Es gibt unendlich viele Möglichkeiten, aus Wörtern Sätze zu bilden. Und wenn man es sich richtig überlegt, geht die bloße Zahl der Wörter gegen unendlich, auch wenn die Wortzähler behaupten, dass es so um die 40000 wären, die wir im Deutschen benutzen. Aus der unüberschaubaren Fülle hat der Dichter/ die Dichterin dieses Gedichts lediglich 21 benutzt, wobei zwei doppelt verwendet werden. Aus der Beschränkung erwächst aber die Fülle. Das Gedicht hebt an mit den Sternen, es endet mit dem Berg, der thematischen Klammer dieser Monatsgedichte. Von den Sternen zum Berg in 23 Wörtern. Dazu die Verben: fallen, brennen und gesenkt. Die Sterne fallen nicht auf Dächer aus Gneis. Sie bleiben bestehen, sie bleiben stabil. Wohingegen die Dächer aus Gneis unter dieser Optik zu einem fragilen Gebilde werden. Der Gneis brennt denn auch unter den Füßen. Da läuft also ein Mensch. Oder handelt es sich vielmehr um eine Frage: Brennt unter den Füßen der kalte Fels? Auch in diesem Satz löst sich das scheinbar Feste auf. Wo die Sterne nicht fallen, der Fels aber brennt oder wenigstens brennen könnte, wird der Blick auf das Wesentliche gesenkt. Nicht in der Höhe, weder an den Sternen, noch an den Dächern aus Gneis kann er sich halten. Im Fenster dieses Blicks, der nun ja der Bewegung nach nach unten gerichtet ist, im Fenster aber dieses Blick findet sich der Berg. Oder kann man das Ganze viel einfacher und weniger hochtrabend lesen? Wandert hier schlichtweg jemand einen Berg hinauf. Brennen die Fußsohlen vom vielen Laufen? Kann man es nicht mehr ertragen, nach oben zu blicken, weil der Weg so lang ist? Bleibt der Berg aber trotzdem noch im Fenster? Wird der Wanderer oben ankommen? Er wird, wünschen wir ihm. Und schon wird deutlich, dass hier mit wenigen Worten etwas eingefangen ist, das nicht mehr nur eindeutig gelesen werden kann, dass hier Sprache im besten Sinne verdichtet wurde, zur Dichtung wurde.
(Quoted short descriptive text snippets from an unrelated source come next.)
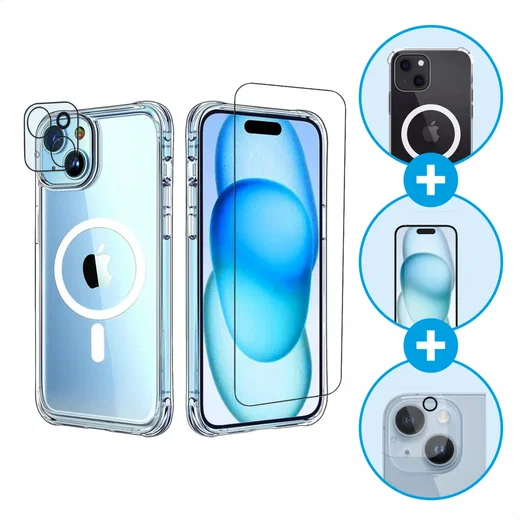 Apple iPhone 15 Magsafe Hoesje + Screen Protector + Camera Protector afbeelding 1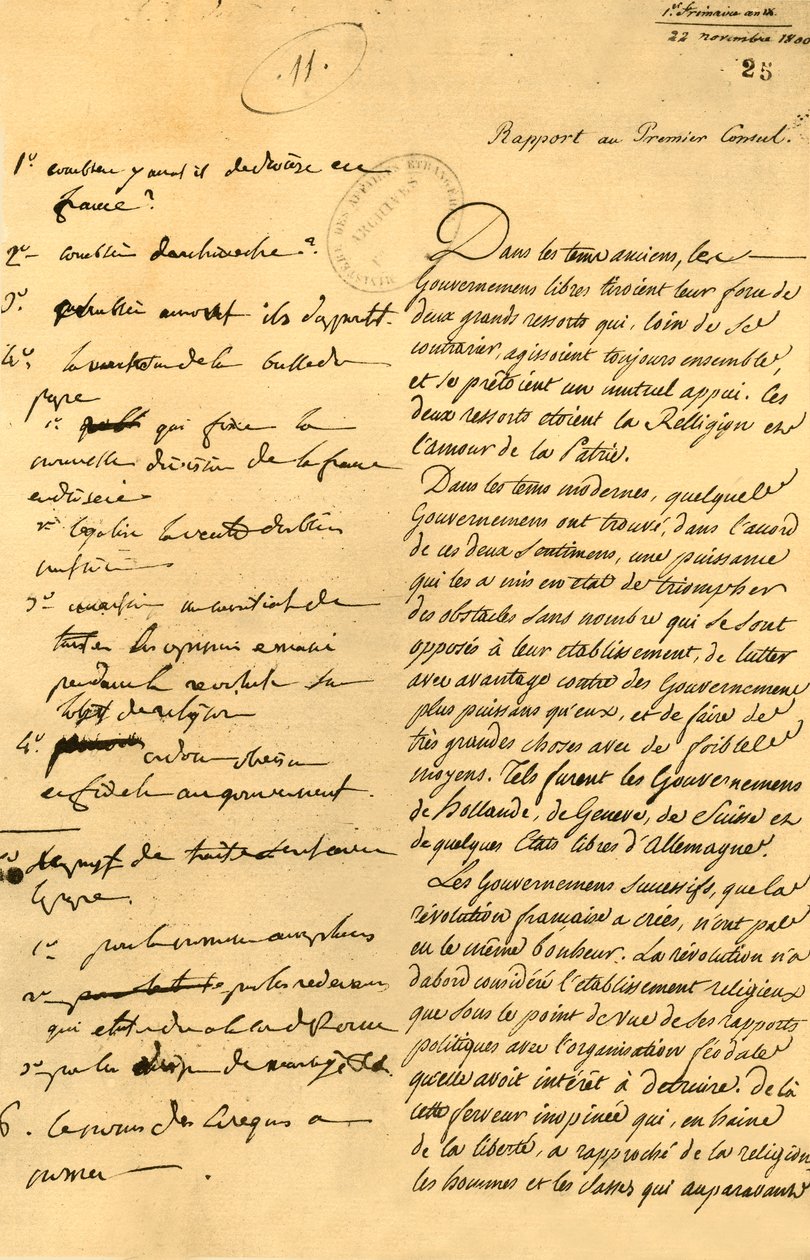 Előkészítő jegyzetek a konkordátumhoz, 1800. november 22., 1921. alkotó: Unbekannt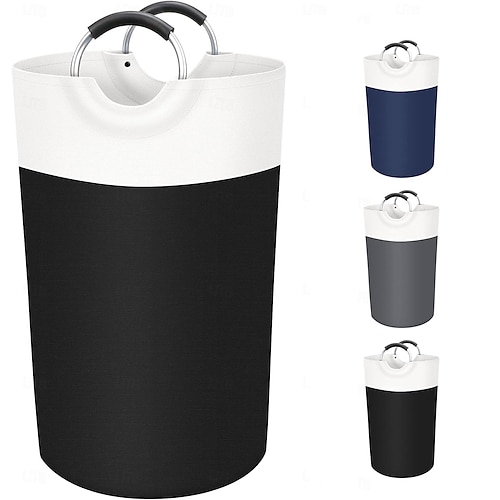 Wäschekorb, Wäschesammler, zusammenklappbare Wäschekörbe, Wäschesammler, wasserdicht mit schaumstoffgeschützten Aluminiumgriffen für Studentenwohnheim, Familie, 90 l Image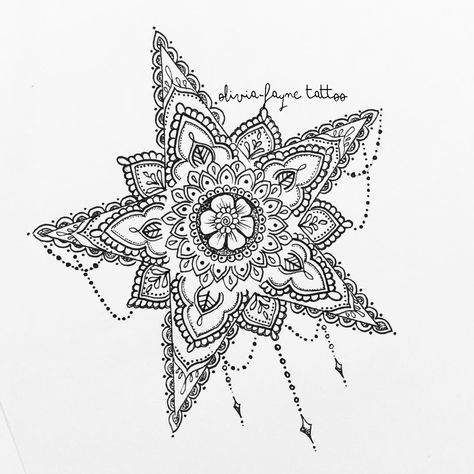 Star for Kirsty Thorpe (all designs are subject to copyright therefore illegal to use without permission or purchase. To order your own custom design please visit my website or email: both in bio)  #star #star tattoo #mandala Mandala Arm Tattoo, Blatt Tattoos, Dotwork Tattoo Mandala, Lotusblume Tattoo, Tattoo Lotus, Tattoo Painting, Tattoo Designer, Tattoo Leg, Star Tattoo Designs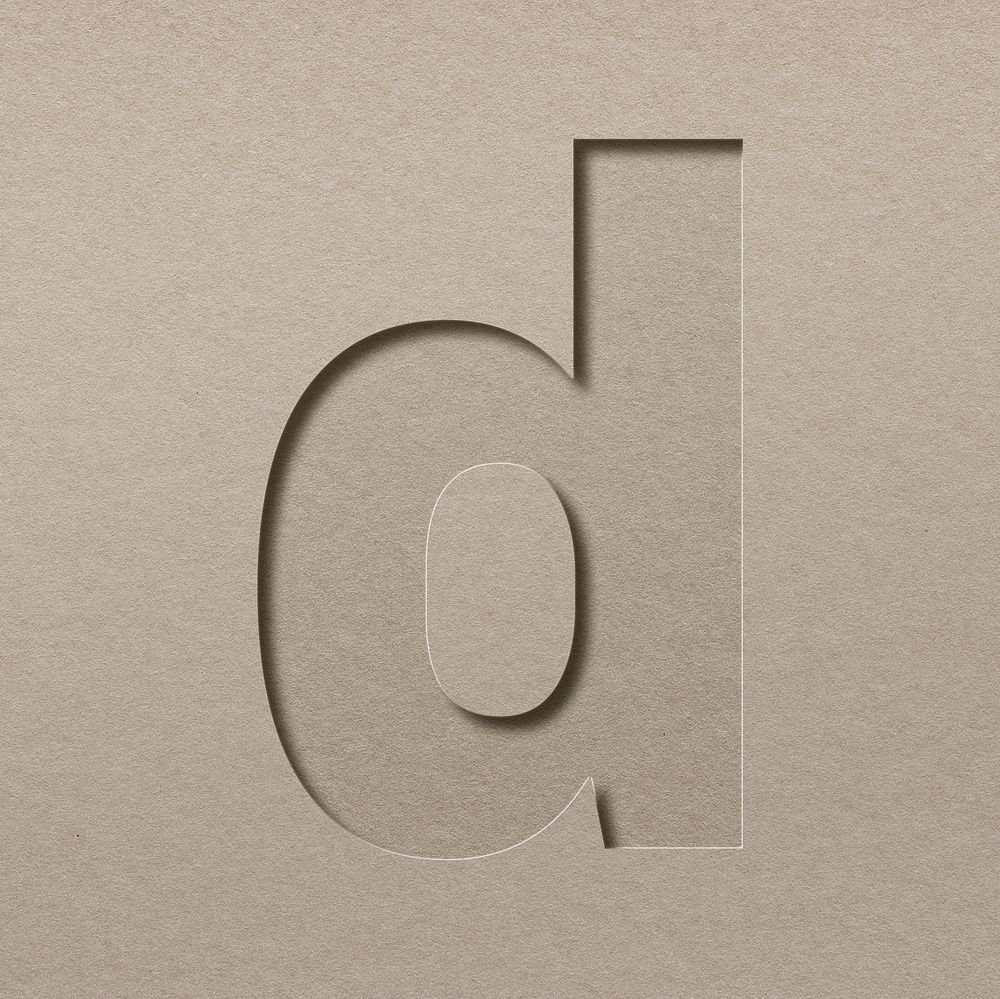 Paper cut lowercase letter d psd font typography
Herzlichen Glückwunsch an Dich, Johanna! Wer die Autorin kennt, ist oft verblüfft über ihre Ideenfülle, sei es beim Schreiben, sei es in der Ausrichtung ihrer zahlreichen Lesungen. Bei Johanna Klara Kuppe ist Dichtung sinnlich und lebendiges Wort, mit dem sie – sensibel und aus der Erfahrung ihrer beruflichen Tätigkeit – auch die flüchtigen Grenzbereiche zum Tod in einer mitunter fast ätherischen Sprache vermittelt.

Johanna Klara Kuppe – geboren in Wuppertal, lebt seit 1992 in Waiblingen (B.-W.), Erzieherin und Musikalienhändlerin, zuletzt (und noch zeitweise) in der Demenz – und Alzheimerarbeit tätig. Lesungen,  Literaturprojekt „Schwarz-Weiss“ der Gruppe „Handvollreim“, Gedichte erschienen in Anthologien und Online-Magazinen.
Ihre Lyrik möchte die Türen zu Klangräumen öffnen und einladen, „Zwischenraum-Blicke“ zu riskieren, um dann eigene Wege anhand der Texte zu gehen.